Caption-style text data:
Start of Block

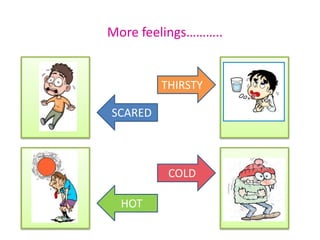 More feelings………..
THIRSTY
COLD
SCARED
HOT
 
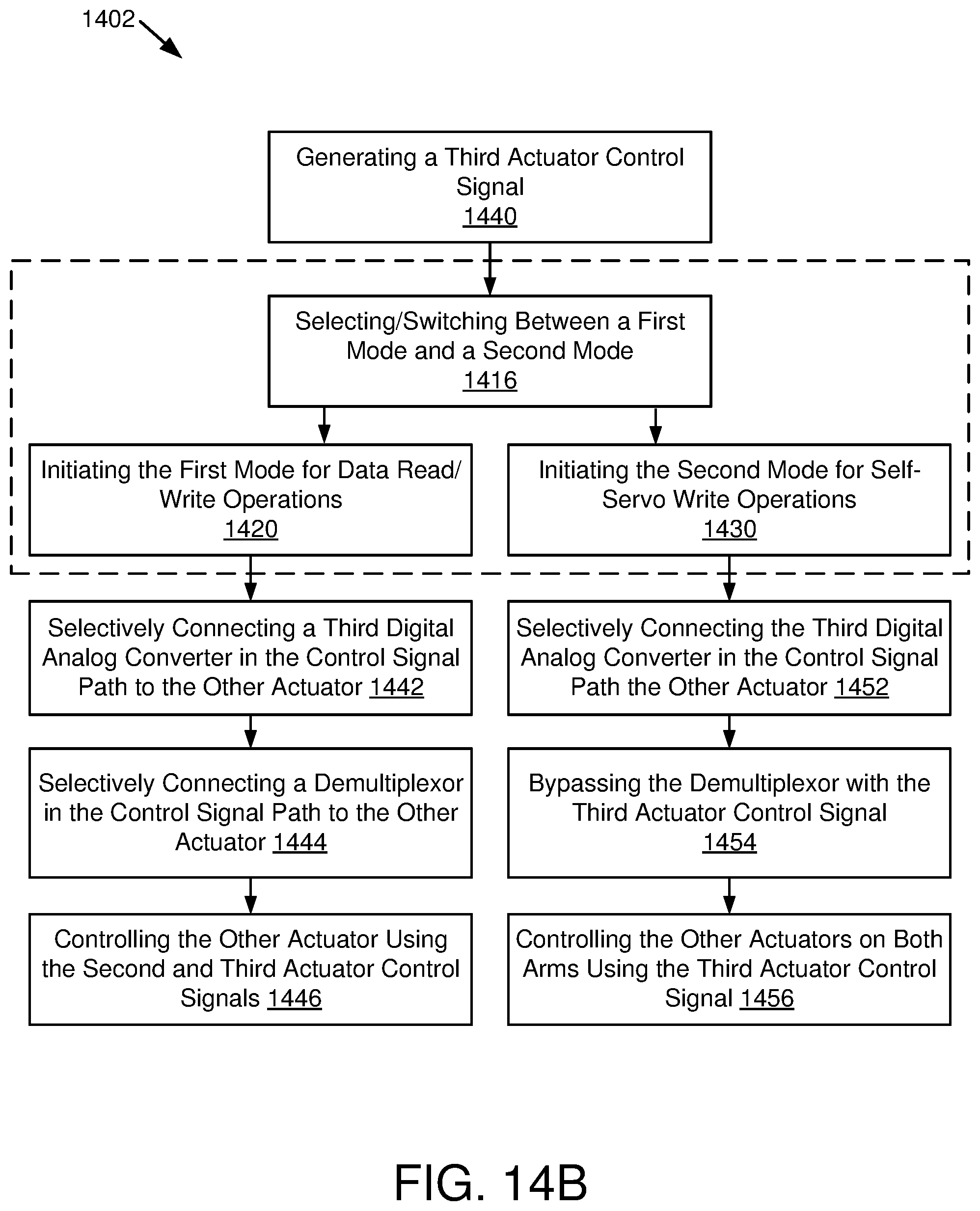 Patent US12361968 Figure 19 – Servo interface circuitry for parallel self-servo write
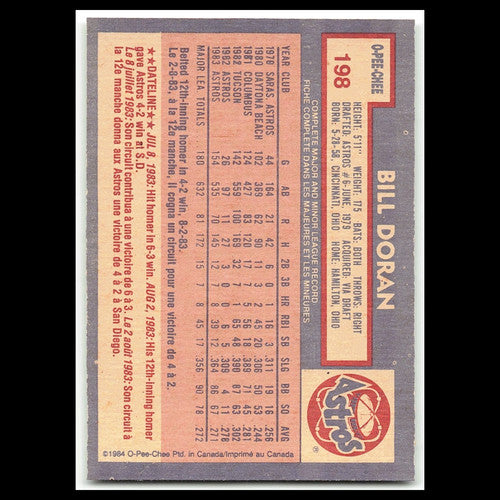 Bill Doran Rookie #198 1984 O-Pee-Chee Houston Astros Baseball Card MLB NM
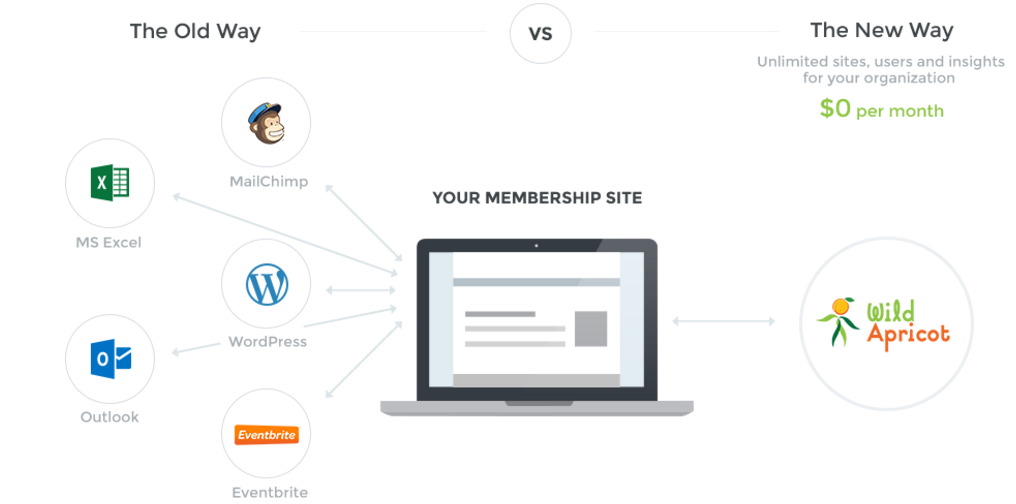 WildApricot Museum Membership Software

End of Block

Repeat all entries exactly, pictures excluded.

* [SOLUTION BELOW]:
 More feelings………..
THIRSTY
COLD
SCARED
HOT
 
 Patent US12361968 Figure 19 – Servo interface circuitry for parallel self-servo write
 Bill Doran Rookie #198 1984 O-Pee-Chee Houston Astros Baseball Card MLB NM
 WildApricot Museum Membership Software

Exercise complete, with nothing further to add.